The scale of the hydrocarbon resource in Guyana and Suriname is mind-blowing. The pace of development in Guyana has been unprecedented and this has required huge inflows of capital, skills and equipment to find and safely produce oil and gas; and all the indications are that Suriname is going to only add to this demand and this is going to continue for many years. The opportunities for businesses from across CARICOM are enormous and this is an exciting time, notwithstanding all of the global uncertainty.
As many of the presenters at the Guyana Basin Summit reminded us, the presence of vast hydrocarbon resources does not necessarily mean that the livelihoods of citizens will improve. As Timothy Tucker, President of the Georgetown Chamber, stressed in his opening speech, we need a dynamic, innovative and entrepreneurial private sector to be able to transform our abundant natural resources into something of value for all our people.

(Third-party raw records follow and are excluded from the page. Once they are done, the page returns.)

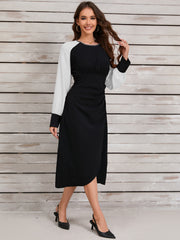 Retro Contrast Color Asymmetric Long Sleeves Dress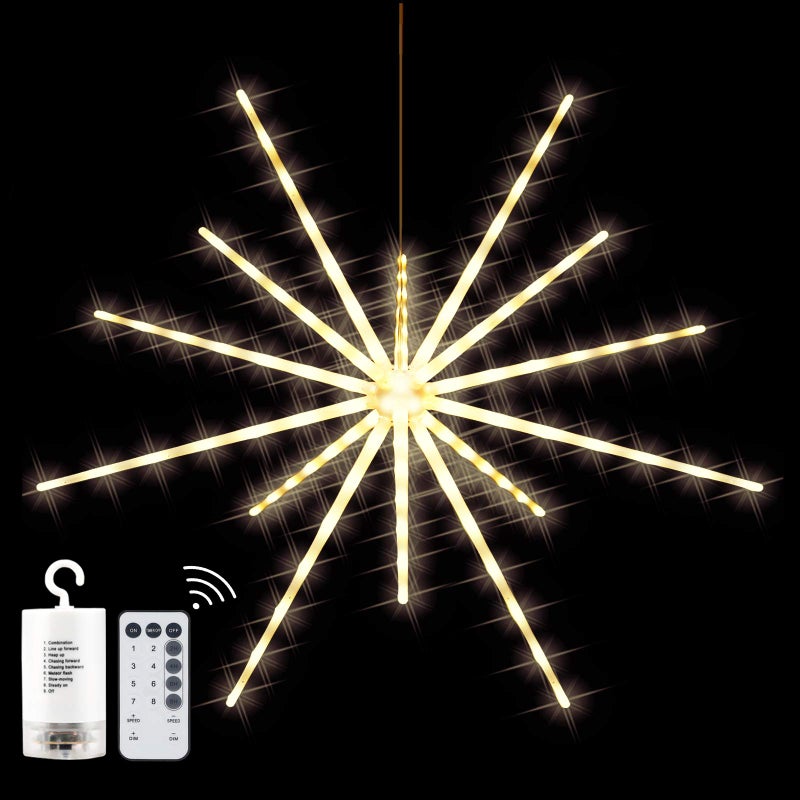 إضاءة نجمة متلألئة مع 112 LED على شكل ألعاب نارية مع جهاز تحكم عن بعد 8 أوضاع إضاءة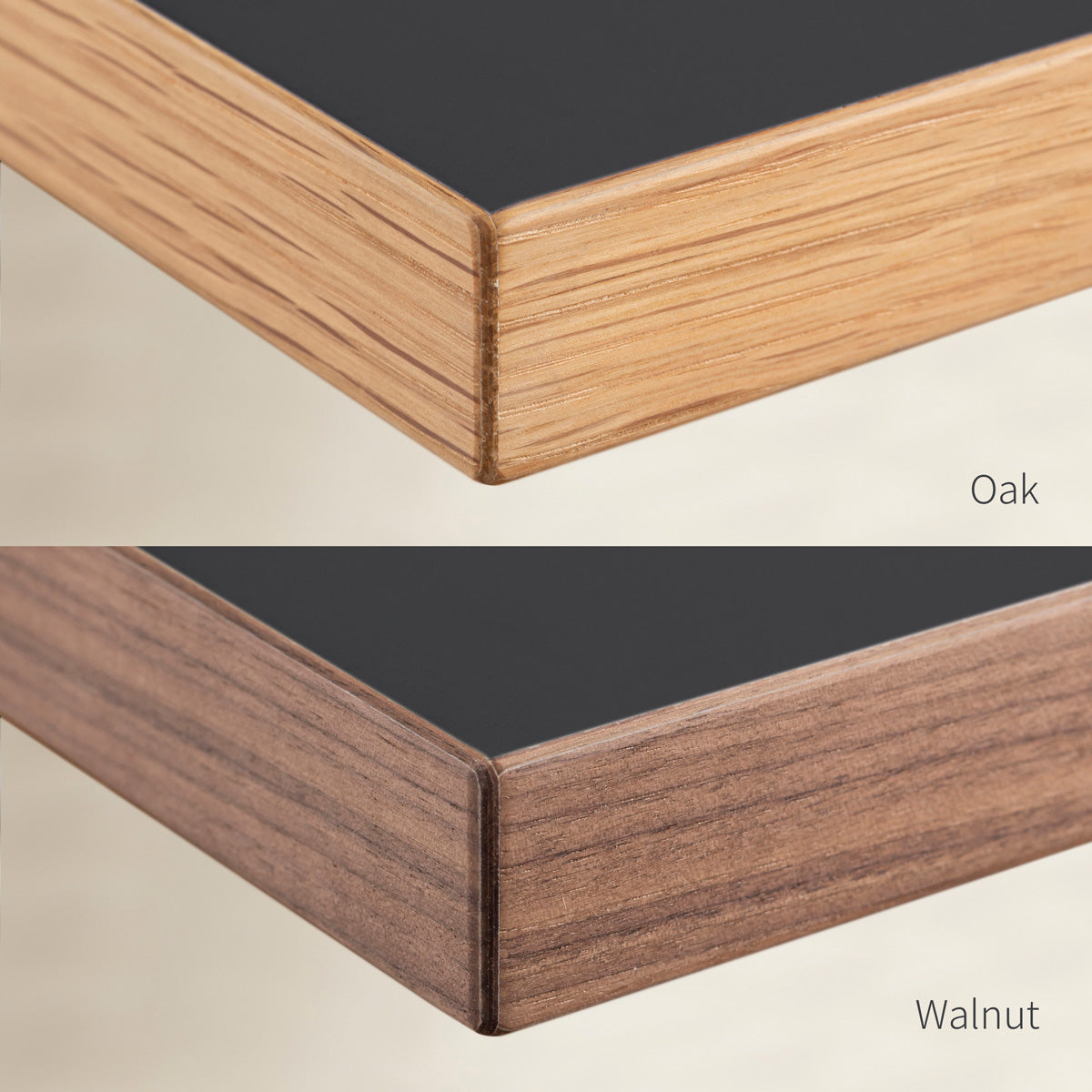 KanademonoのリノリウムChacoal天板の木口画像（上：オーク/下：ウォルナット）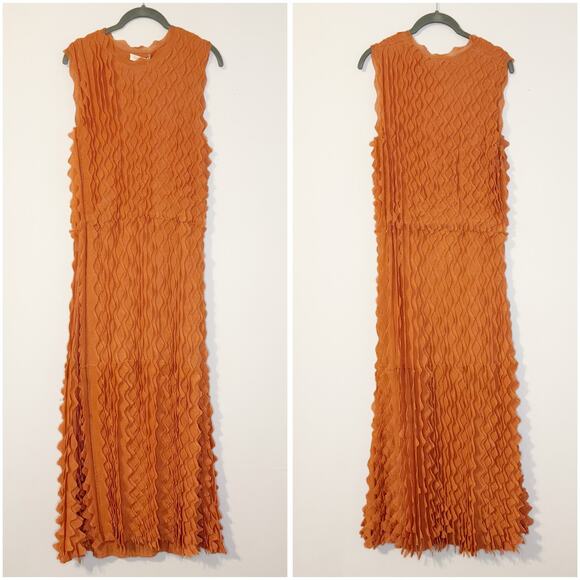 Ulla Johnson Kaelyn Ruffle Scallop Orange Knit Long Maxi Dress P / XS NWT - Picture 4 of 8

Local content policies and regulation can help in the process of building the private sector, and we also need to work on skills development, access to capital, standards and certification, improving the ease of doing business, and removing barriers to trade in both goods and services. The private-sector also needs to place the energy transition and de-carbonisation clearly on their strategic agenda, or just as we think we are catching-up, we will find ourselves left behind.
I really appreciated the opportunity to discuss these issues on the stage at the Summit, along with colleagues from Guyana, Suriname, Trinidad & Tobago, and Nigeria (with one of the Trini’s working for a Jamaican headquartered bank, just to drive home the regional integration theme). I learnt a lot from the discussions, and I hope I was able to share some of our experiences in Trinidad in a way that was useful for the delegates.
We will get more achieved if we can do this collaboratively and through building partnerships and mutually beneficial business relationships. This is why it was great to see so many relationships either already in place or being actively built during the event.
I am really optimistic about the ability of the private sector to make the most of the huge opportunities that exist in the region. We just need to get on with it.